Date Showing Showing On 29, 31 March, 1 April
Time Showing Monday 6pm, Wednesday 4pm and Thursday 6pm

Never Rarely Sometimes Always

M 1hrs 41mins
drama | 2020, USA | English
Overview

A pair of teenage girls in rural Pennsylvania travel to New York City to seek out medical help after an unintended pregnancy.

Warnings

Mature themes and coarse language

Director
Eliza Hittman
Original Review
Jack Wilson, Age and Charlotte O’Sullivan, London Evening Standard
Extracted By
Ed Beswick
Featuring
Sidney Flanigan, Talia Ryder, Théodore Pellerin

Watch The Trailer

Never Rarely Sometimes Always Trailer

Storyline (warning: spoilers)

Faced with an unintended pregnancy and a lack of familial support at home, Autumn and her cousin, Skylar, travel across state to New York City on a fraught journey of friendship, courage and compassion.  In Pennsylvania, teens need parental consent in order to terminate a pregnancy. In New York, the system is marginally less oppressive, resulting in a road trip, with Autumn enlisting her more outgoing cousin as travelling companion. It’s here the film becomes the story of two girls on an adventure in the big city, albeit the least joyous of all imaginable versions of this trope.

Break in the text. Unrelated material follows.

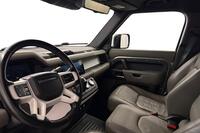 Land Rover Defender vaihtoauto
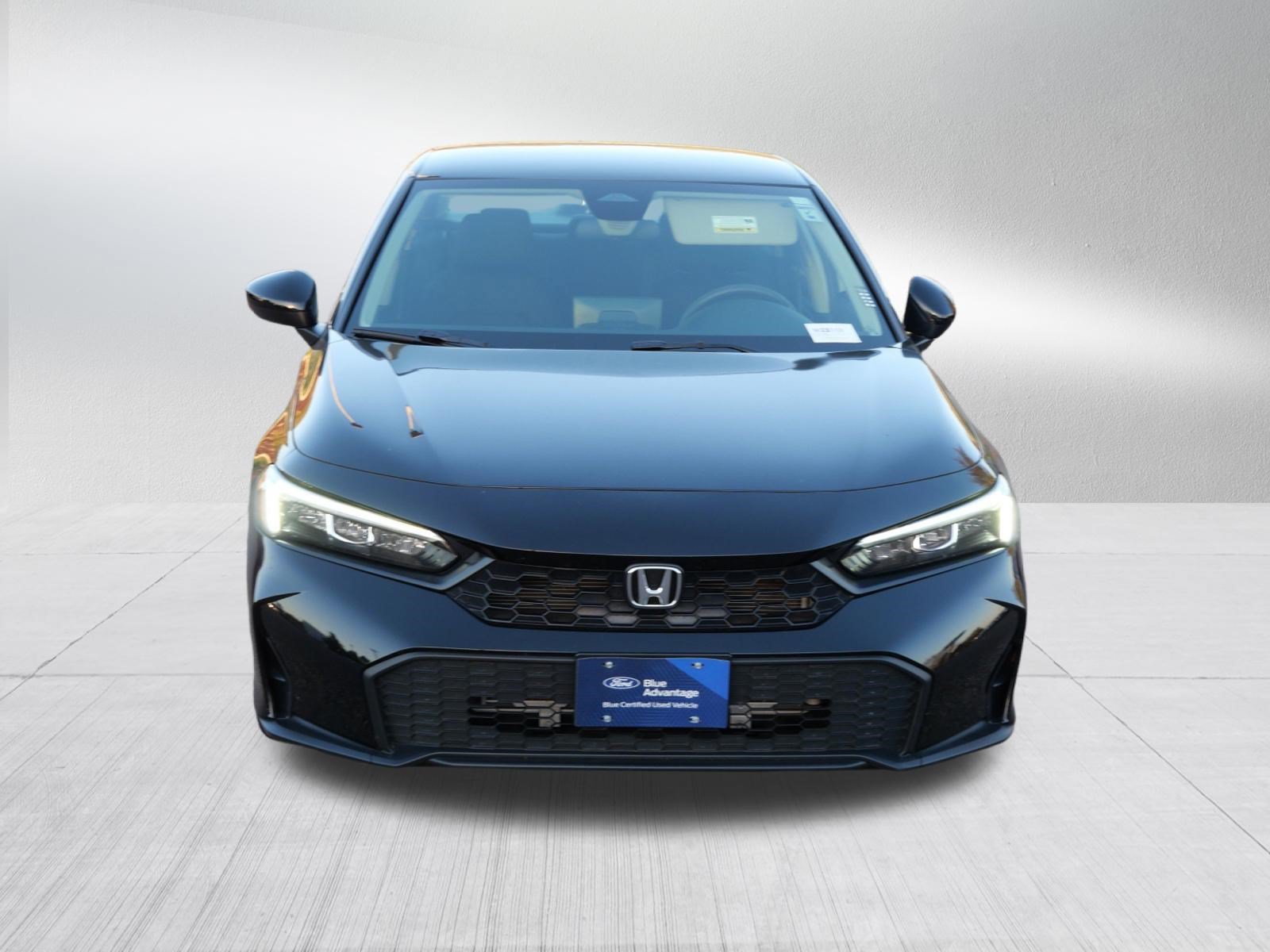 Used 2025 Honda Civic LX image 2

Nonetheless, there is a touch of poetry to this possible wild goose chase, with Hittman’s use of grainy 16-milimetre film reinforcing the drawn out, wintry mood. There is also an aura of ambiguity around Autumn which also extends to other characters they meet along the way, especially college-age Jasper (Theodore Pellerin), whose clumsily persistent pick-up attempts could be those of the goofy but endearing heartthrob in a different sort of teen movie. From the girls’ perspective, the issue is whether he’s an ally, a neutral element or a predator. For the audience, the answer matters much less than the context that triggers this inquiry - the sense of the city as a dark and dangerous war zone where it’s necessary to be on constant alert.

Much goes unspoken in Never Rarely Sometimes Always, but Hittman’s sensitive script and the strong performances still make it feel authentic and true. The scene that gives the film its title — a pre-procedure interview by a Planned Parenthood counsellor — is never explicit in the trauma(s) experienced by Autumn, and it doesn’t need to be. Those who have had related experiences know first-hand that this is not a black-and-white issue, but one filled with grey areas for which there are no cut-and dry answers.